Thursday, December 18, 2014

Ta'aruf-Khitbah-Nikah-Walimah (4)

Sebelum melangkah pada bahasan berikutnya, mungkin perlu sedikit pelurusan atau penjelasan tentang hadist yang mendasari saat memilih jodoh.

Sabda Rasulullah SAW :
“Seorang wanita biasanya dinikahi karena empat hal,yaitu karena hartanya, karena nasabnya (keturunannya), karena kecantikannya dan karena agamanya. Maka utamakan memilih istri (wanita) karena agamanya. Kamu akan merugi (bila tidak memilih karena agamanya).” (HR. Bukhari,Muslim dan Abu Dawud)
"...Kamu akan merugi (bila tidak memilih karena agamanya)".
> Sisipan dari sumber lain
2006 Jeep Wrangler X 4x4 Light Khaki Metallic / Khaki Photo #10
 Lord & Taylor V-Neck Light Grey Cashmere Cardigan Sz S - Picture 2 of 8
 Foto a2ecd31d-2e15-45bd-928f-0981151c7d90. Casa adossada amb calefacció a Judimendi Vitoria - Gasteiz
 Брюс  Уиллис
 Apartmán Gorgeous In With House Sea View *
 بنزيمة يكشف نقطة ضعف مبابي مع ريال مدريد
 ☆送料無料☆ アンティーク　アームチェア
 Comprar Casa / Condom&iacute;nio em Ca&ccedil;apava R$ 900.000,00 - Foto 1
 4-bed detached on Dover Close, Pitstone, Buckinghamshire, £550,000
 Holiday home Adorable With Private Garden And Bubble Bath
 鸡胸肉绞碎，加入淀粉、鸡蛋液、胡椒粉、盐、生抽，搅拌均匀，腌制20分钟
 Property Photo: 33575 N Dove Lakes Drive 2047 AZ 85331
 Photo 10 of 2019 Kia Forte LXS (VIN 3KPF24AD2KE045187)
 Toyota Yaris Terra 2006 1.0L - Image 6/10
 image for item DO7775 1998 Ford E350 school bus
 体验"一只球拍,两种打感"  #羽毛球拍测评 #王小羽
Yang dimaksud agama/ dien di sini bukan semata-mata statusnya muslim, beragama Islam, tapi lebih pada bagaimana pemahaman agamanya. Bukan pula sebatas ilmu agama yang telah dipelajari, misalnya lulusan sekolah/ lembaga jurusan agama Islam dan cabang-cabangnya, tapi lebih pada pemahaman yang diaplikasikannya dalam kehidupan sehari-hari dan dapat disaksikan oleh manusia lain. Karena sesungguhnya agama adalah tuntunan untuk menjalani kehidupan.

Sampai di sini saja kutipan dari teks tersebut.